SAMIA’s drittes Studioalbum BLOODLESS ist ein grausamer, präziser und poetischer Akt der Selbstchirurgie. In 13 Tracks, die auf komplexen Spannungen aufbauen, seziert die Singer-Songwriterin aus Minneapolis die Darstellung von Identität, den Schmerz, bekannt zu sein, und die Angst, missverstanden zu werden.
Nach dem ersten Refrain von „Bovine Excision“, dem Eröffnungstrack von Samia’s drittem Album „Bloodless“, setzt ein verzögerter Shuffle ein. Ein gleichzeitiger Gitarren- und Schlagzeug-Einschlag unterstreicht die vorherige Abwesenheit des Schlagzeugs, und – ähnlich wie die erste Strophe des Openers – findet „Bloodless“ Trost in der Abwesenheit, sei es durch die Anspielung auf Viehverstümmelung oder Sid Vicious’ gerahmten Faustabdruck in „Hole in a Frame“. Samia scheute sich scheinbar nie vor komplexen Themen oder düsteren Metaphern: Ihr Durchbruch und ihr preisgekröntes Album „Honey“ aus dem Jahr 2023 berührte Themen wie Nihilismus und Mord. Scharfes, lebendiges Songwriting ist zentral für Samia’s Schaffen. Mit „Bloodless“ zeigt sie ihre Superkraft in ihrer Neugier auf das Unbekannte und ihrer Fähigkeit, sich selbst zu verdrehen und sich den rohen, unangenehmen und zutiefst menschlichen Seiten ihrer selbst direkt zu stellen.
Mit seinen Texten, die emotional eindringlich und zum Lachen bringend sind, hat „Bloodless“ einen romanhaften Schwung. Songs wie das erwähnte „Hole In A Frame“ oder das exzellente „Fair Game“ lassen Samia’s Vorliebe für Americana-angehauchten Indie-Sound nicht mehr los, doch „Lizard“ ist von Synthesizern umrahmt – eine Art digital codierte Heartland-Hymne. „Craziest Person“ lässt das Arrangement aushöhlen, die spartanische Gitarre bildet den perfekten Kontrast zu Samia’s zarter Darbietung. „Bloodless“ ist von Anfang bis Ende stark und folgt seiner eigenen, eindringlichen Struktur – „Carousel“ ist ein dezentes Highlight, „North Poles“ hingegen ist breiter, und Samia kann zwischen den Zeilen punkten. „Bloodless“ endet mit einem letzten Akt der Enthüllung: „I got nothing under these Levi’s“, gesteht Samia in „Pants“, frei von Metaphern, Abwehrmechanismen, allem.

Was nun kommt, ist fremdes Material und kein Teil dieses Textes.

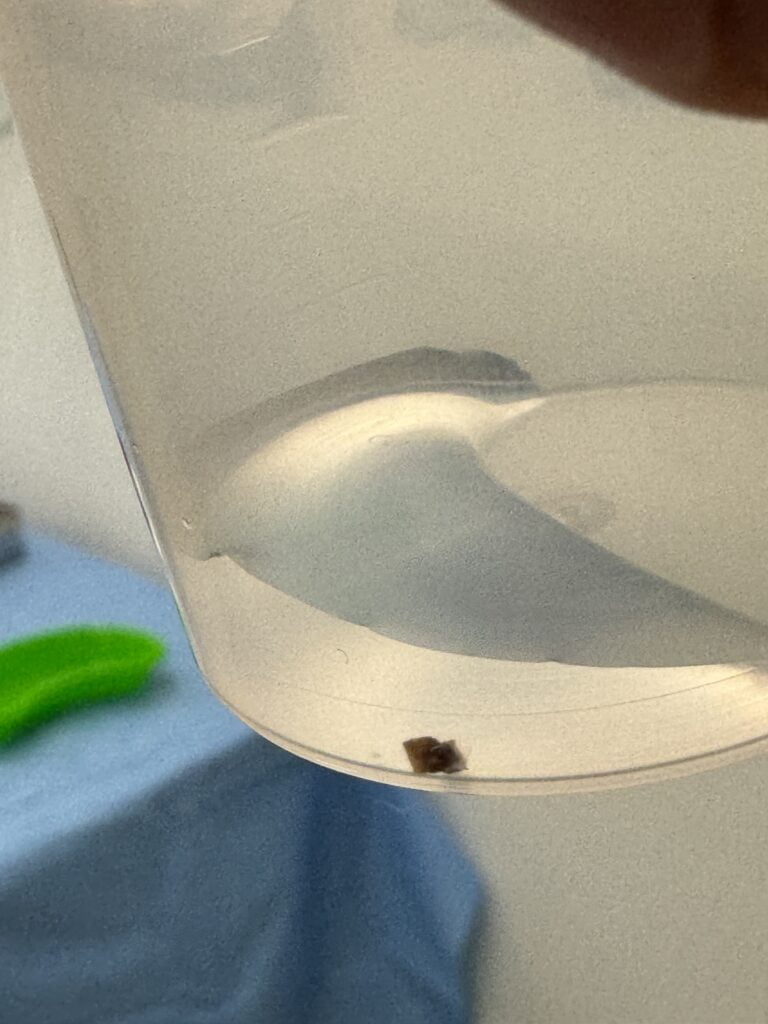 como eliminar pedra no rim rápido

Die mehrteilige Struktur des Tracks, verankert durch eine ineinandergreifende Basslinie und Gesang, fühlt sich wie eine hart erkämpfte Lösung an: schmutzig, aber vollständig. Am Ende versucht „Bloodless“ nicht, das Chaos zu beseitigen – es legt es einfach bloß. Produktionstechnisch setzt das Album meist auf einen schnörkellosen Ansatz, oft tragen nur Gesang und Akustikgitarre zur Gesamtbotschaft des Albums bei: Wer weniger von sich gibt, wirkt größer. Folglich waren Samia’s Worte noch nie so tiefgründig.